Is Macro Giving Economics a Bad Rap?

Noah Smith really has it in for macroeconomists.  He has recently written an article in The Week in which he claims that macro is one of the weaker fields in economics and even though there is little good work being done in macro, there is plenty of good work being done in other fields.

I think the opposite is true.  Macro is one of the stronger fields, if not the strongest.  At first glance it may appear to be a problematic area in economics but it is not – it is actually much healthier than most fields. [1]

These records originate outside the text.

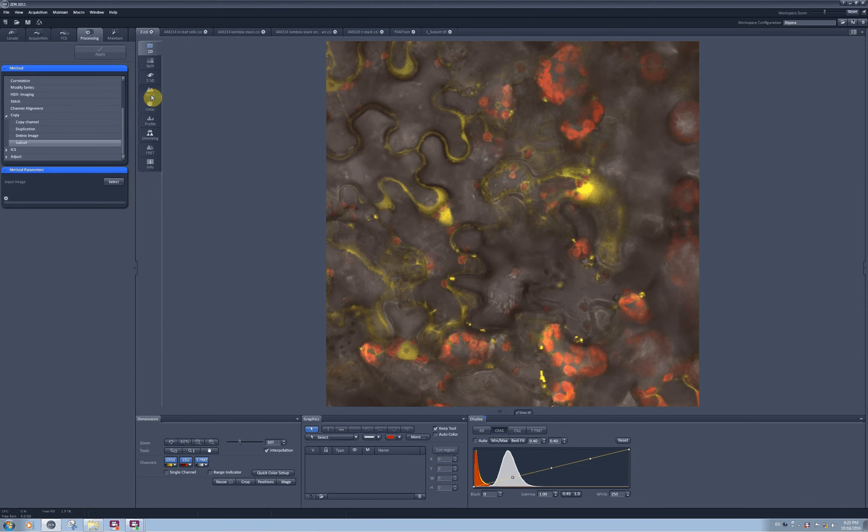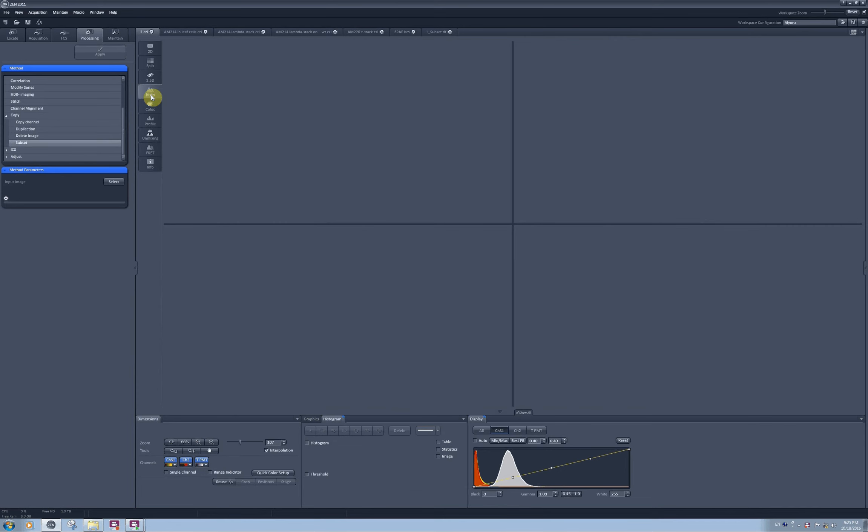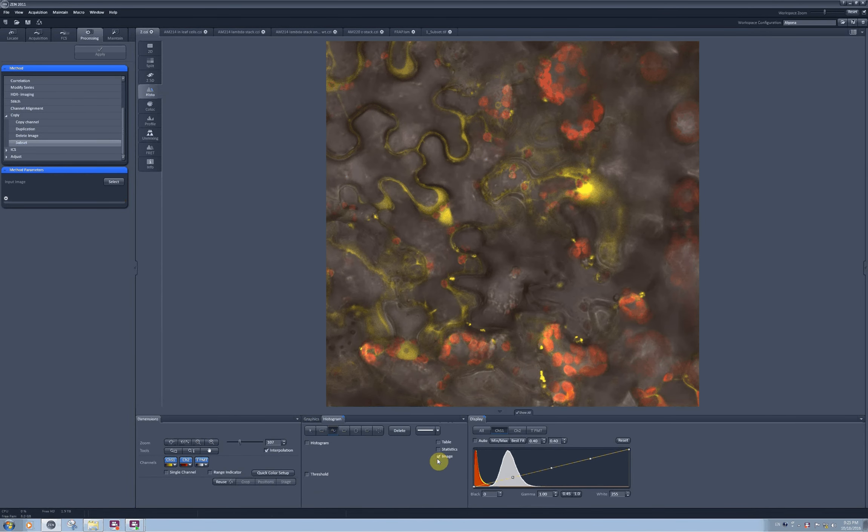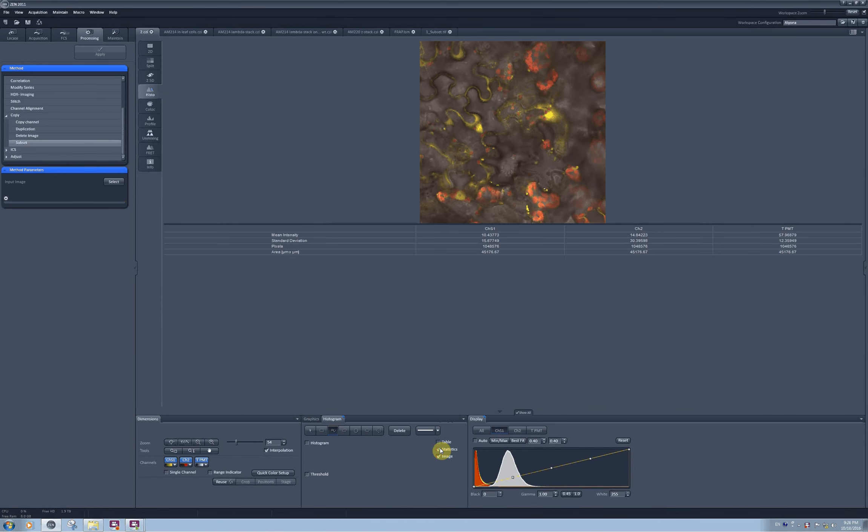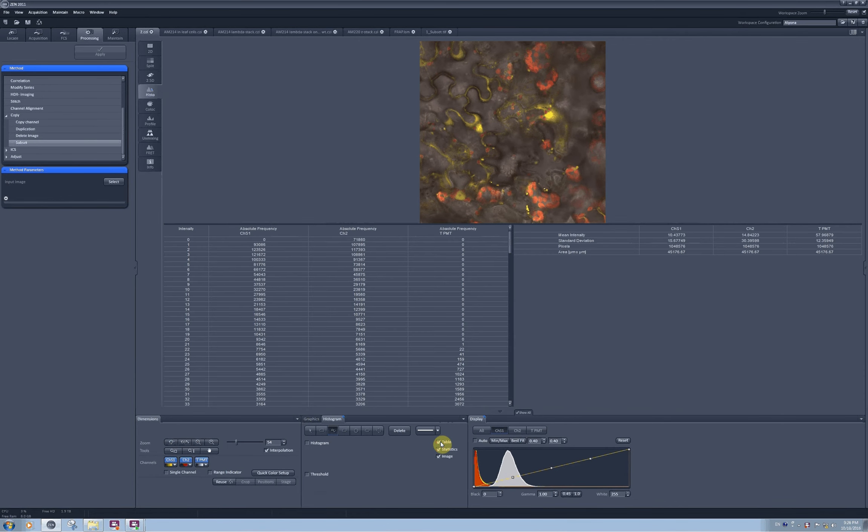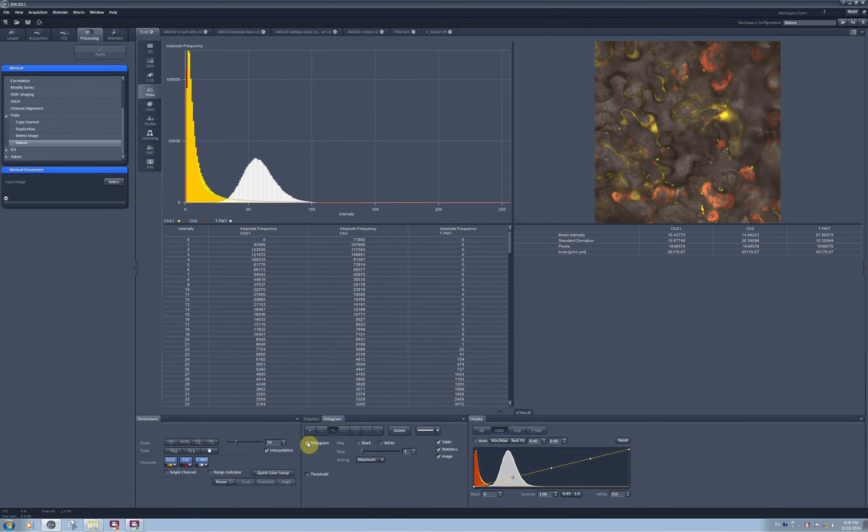In the Histo tab you can quantify intensities in the regions of interest on your image. You need to activate the check boxes to see the image, to see the statistics, and the table with the raw data. You can also check this box if you would like to see the histogram.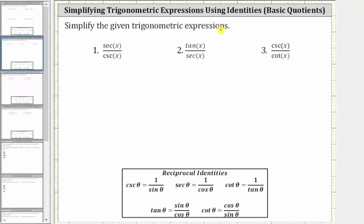We are asked to simplify the given trigonometric expressions. One strategy is to convert to sines and cosines and then perform the given operations, which we will do for these examples using the reciprocal identities.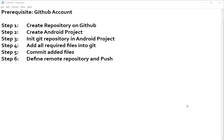Hey, hello guys! Welcome back again to my YouTube channel. Today I'm going to discuss how to upload your Android project on GitHub in very simple six steps. You must have a GitHub account, so let's start with step one.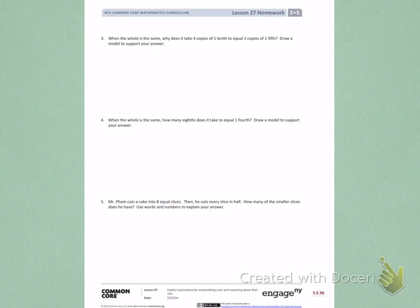This is Module 5, Lesson 27, Side 2, Number 3.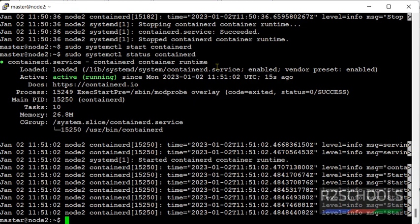So in this video we have seen how to install containerd. Then we have seen how to stop or start and configure the containerd on Ubuntu 20.04 LTS version. For more videos, please subscribe my channel. Thank you.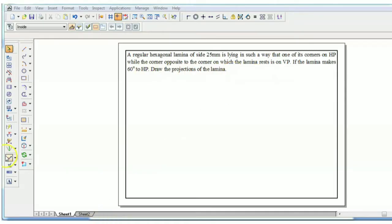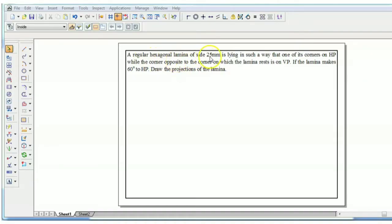To start this problem, first we have to understand the problem statement. The lamina is hexagonal with a side of 25 mm, and this lamina is resting on HP with one of its corners.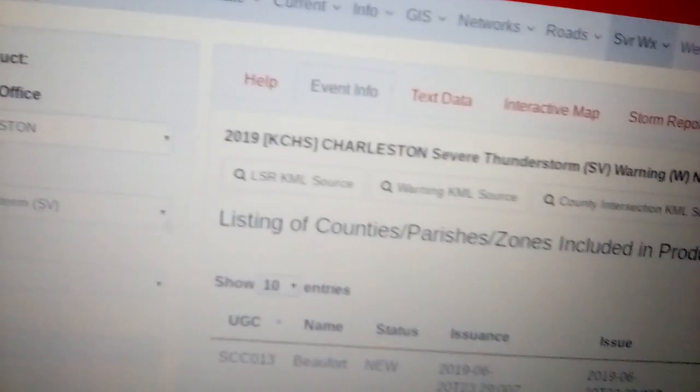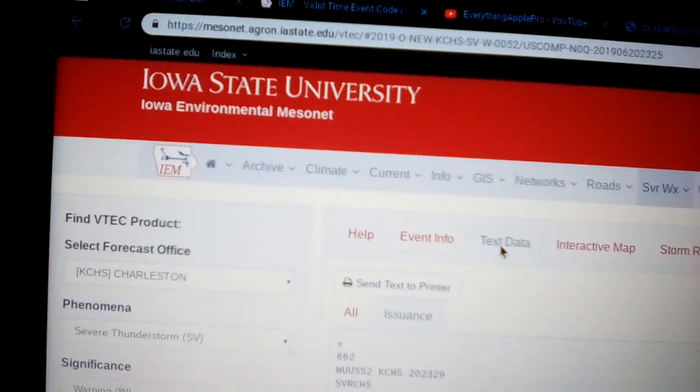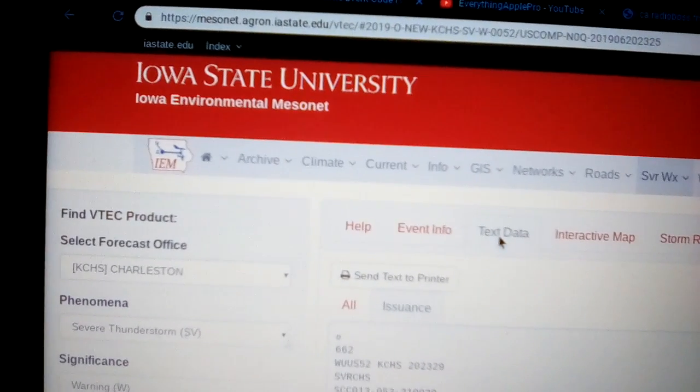At 7:07 p.m. Eastern Daylight Time, severe thunderstorms were located along a line extending from 10 miles northwest of Yemassee to 11 miles north of Springfield.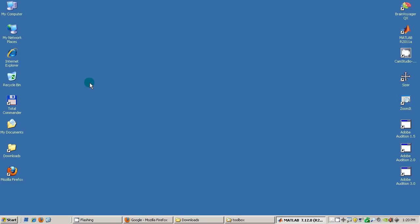So today I want to show you how you can download and install this under MATLAB 2011 under Windows XP. It's principally also the same for Mac OS X and Linux.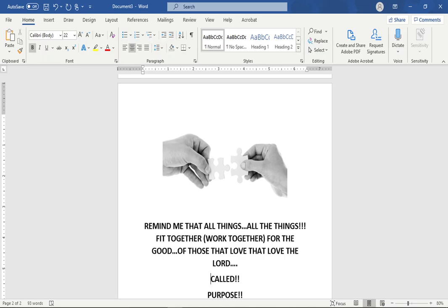So go ahead and comment below. Give me a writing prompt suggestion. Give me a favorite scripture. Give me some song lyrics that came to mind while we were working through this writing prompt together. Stay kingdom minded, and I will see you guys tomorrow night at 9:30.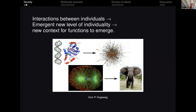I would like to show you some models where there are some interacting individuals — some microscopic replicators — and through their interactions, some emergent level of individuality appears. This emergent level of individuality is the ideal context in which new functions arise.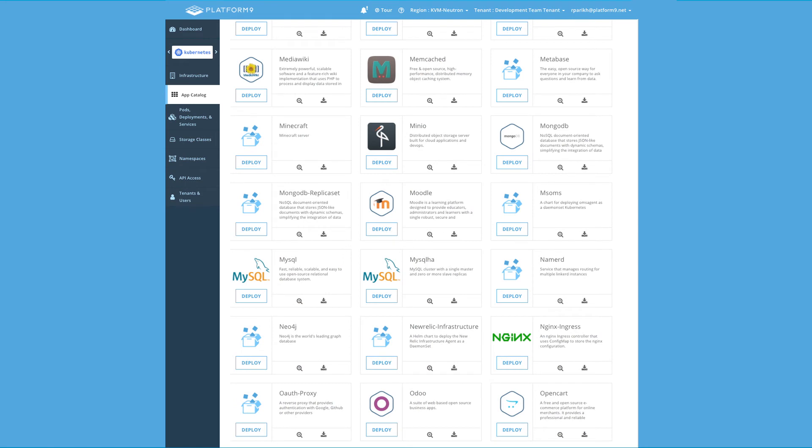What does Platform 9 do with it? We automate it. It's available with one click with our Kubernetes offering. We also included Monocular, which is a UI and a REST API associated with Helm. Once you install our cluster, you can use a UI that includes your favorite packages — things like Redis, Elasticsearch, Mongo, PostgreSQL — all of that in our UI.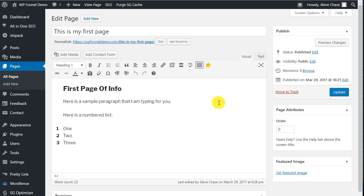There are free options in the WordPress repository. There are also so many paid options. In the IM industry, you have InstaBuilder, the two-point version, 2.0. You have WP Profit Builder. You have Thrive Themes, the Thrive Builder, just to name a few.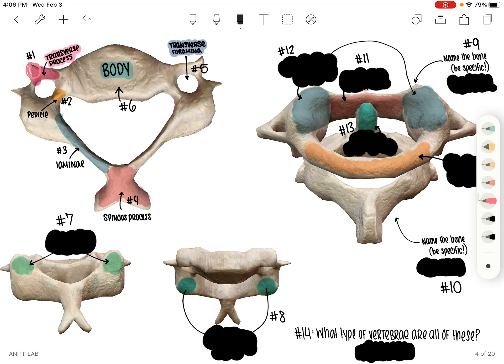I'm going to jump over to number 14 real quick, because I probably should have put this one first but I had already numbered when I thought of it. So what type of vertebrae are all of these? They are all the same type of vertebrae, and that is going to be the cervical vertebrae.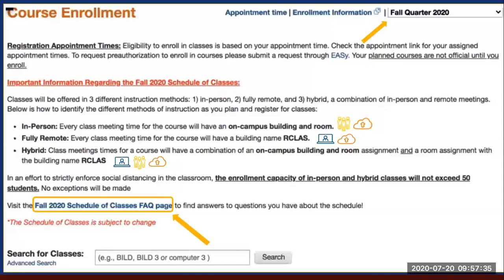You may be looking at the class schedule and noticing classes are filling up. Rest assured, do not be worried. Academic departments — at least a good number of them — have saved seats just for new students. I also want to remind you about the FAQ for the schedule of classes. I use the FAQ every day when I work with students — this page has valuable information. For every question you have, there's an answer. I recommend you spend the time to review the FAQ. It will be very helpful.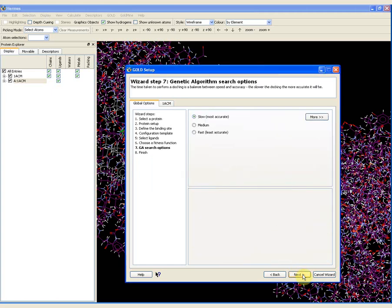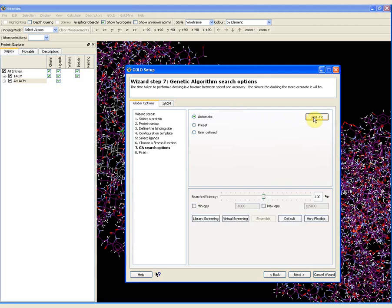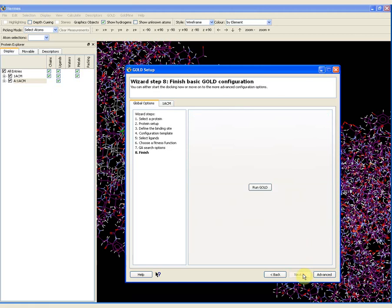I can now click next to go to the genetic algorithm search options. Again, the default is chosen — being the slow or most accurate — and this is perfectly appropriate here. If I click more, I have access to other options such as changing the search efficiency.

A recurring theme in Noah’s article is that macro has some sort of a problem which other areas don’t have.  I think this is wrong.  Macro is quite productive and overall quite healthy.  There are several distinguishing features of macroeconomics which set it apart from many other areas in economics.  In my assessment, along most of these dimensions, macro comes out looking quite good.

First, macroeconomists are constantly comparing models to data.  Now, it’s true that many of the models used by macroeconomists (that is, the way we try to understand the world) have a really tough time when they are compared to the data.  Of course it is a problem that the theories are so soundly rejected but isn’t it worthwhile to make this comparison and to be candid about the results?  Noah gives his readers the impression that other theories are doing much better but is this really true?  In many other areas in economics the theories aren’t rejected because either the theories are never tested or the theories simply don’t exist.  There are many purely empirical studies in which there is little theory to speak of.  There are other areas in economics which are purely theoretical and the models in this research are rarely tested against actual data.  Holding theories up to the data is a scary and humiliating step but it is a necessary step if economic science is to make progress.  Judged on this basis, macro is to be commended because it so often takes this step and brings the theories close to the facts.  There are other fields that make these comparisons – trade is a notable example.  Modern versions of the Ricardian trade model and the Heckscher-Ohlin model are often compared with data.  Similarly, labor matching models are routinely compared with data though again there are more failures of these theories than successes.  [2]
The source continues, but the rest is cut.